Keynote Speech

Personal Health Information - the Last Frontier on the World Wide Web

Dr. Jim Cimino (Columbia University)

Abstract

Consumers can use the World Wide Web to check their bank statements, make stock transactions, track their express mail packages, and buy or sell just about the anything. But the information that is literally the most vital to them, their personal health information, is generally not available. The barriers to obtaining such information are many, and the issues that need to be addressed are equally diverse, including privacy, political, ethical and technical ones. As these barriers are gradually lowered, new opportunities exist for improving health care through better communication with providers, targeted educational materials, and automated decision support systems. However, with these new abilities will come new responsibilities to help the patient understand the information in his record and to make sure that physician-patient communication does not break down. This presentation will explore these issues, using the example of the Patient Clinical Information System (PatCIS), now in use at the Columbia-Presbyterian Medical Center.

About Dr. James Cimino

James J. Cimino is an Associate Professor in the Departments of Medical Informatics and Medicine at Columbia University. He received a BS in biology from Brown University in 1977, an MD from New York Medical College in 1981, completed an internal medicine residency (with board certification) in 1984, and a medical informatics fellowship at Harvard Medical School in 1988. During his fellowship, he was primarily responsible for the development of a knowledge base for a medical diagnosis system (DXplain), contributed to the initial development of the National Library of Medicine's Unified Medical Language System (UMLS) and worked on vocabulary issues for DXplain and the Computer Stored Ambulatory Record (COSTAR).

Since 1988, he has been at Columbia, where his time is divided between patient care, teaching, research and development. He teaches a variety of courses in the Department of Medical Informatics and is a clinical instructor in the Department of Medicine in the in-patient and out-patient services. One area of his research involves controlled medical vocabularies for medical decision support (particularly in the development of expert systems approaches to vocabulary management) and he is developing the controlled medical vocabulary for use in the comprehensive clinical information system for the Columbia-Presbyterian Medical Center. Another area of research involves the use of Internet resources to support patient care. To explore this, he is developing an Internet-based clinical information system, now in actual use, that integrates information sources from the World Wide Web into the clinician's workstation.

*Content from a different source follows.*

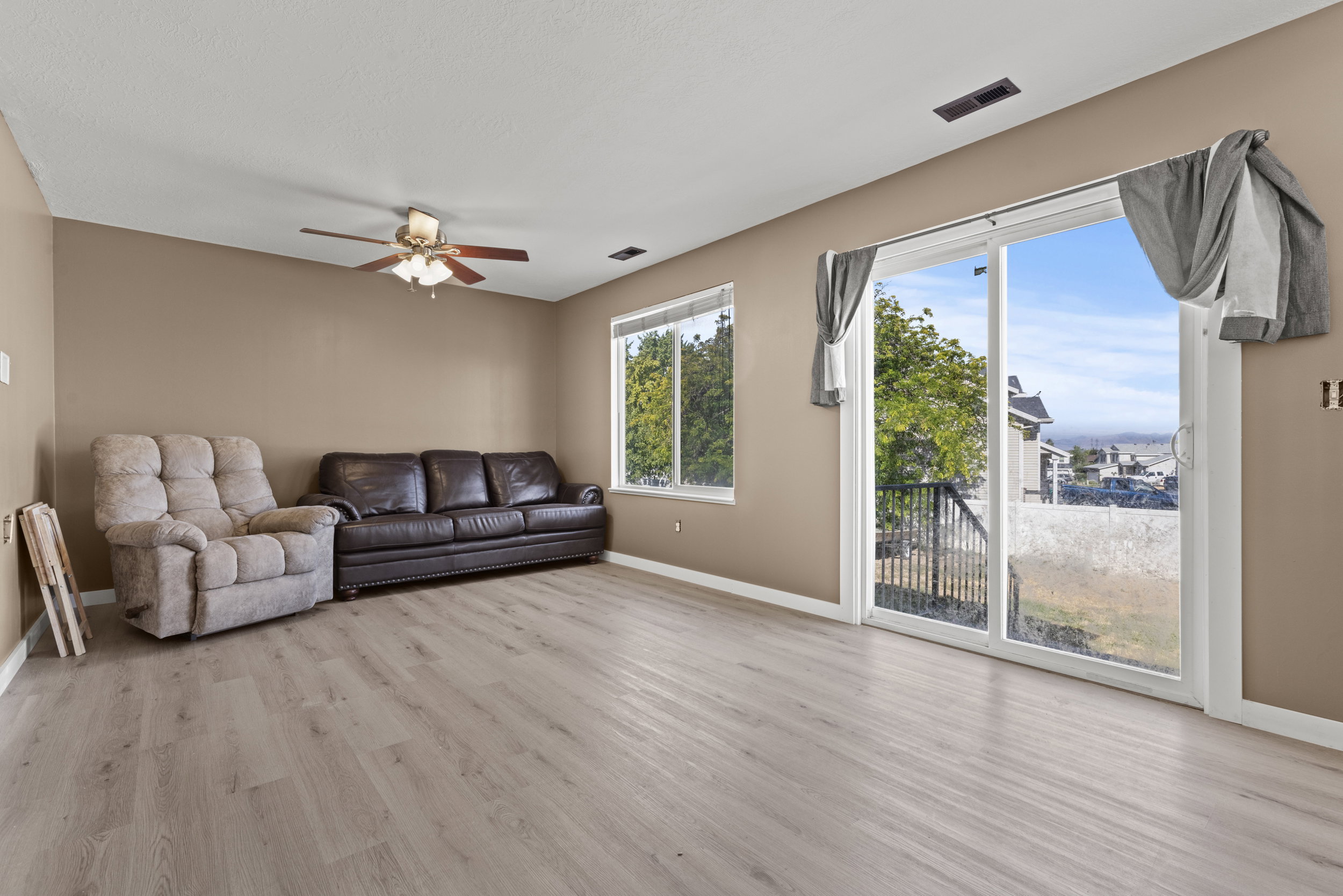 Spacious living area featuring light wood-finish flooring, neutral wall paint, and a white ceiling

He is currently the principle investigator on a National Information Infrastructure (NII) contract, and an Electronic Medical Record grant, both from the National Library of Medicine, and directs a medical informatics fellowship at Columbia. He has served or is serving on the scientific program committees for 7 national and two international medical informatics meetings, including chairing the AMIA Annual Fall Symposium in 1996. He has over 110 publications, including 22 first-authored papers in peer- reviewed medical informatics journals in the past five years. He has been a reviewer for the Bulletin of the Medical Library Association and for the journal Computer and is currently on the Editorial Board of the Journal of the American Medical Informatics Association and Medicine on the Net.

He is a member of the American College of Physicians, the Columbia University Faculty Council, ASTM Committee E31 (Computerized Systems), and is a founding member of AMIA, where he has served on the Board of Directors since 1994 (currently Secretary). He was elected a Fellow of the American College of Medical Informatics in 1992.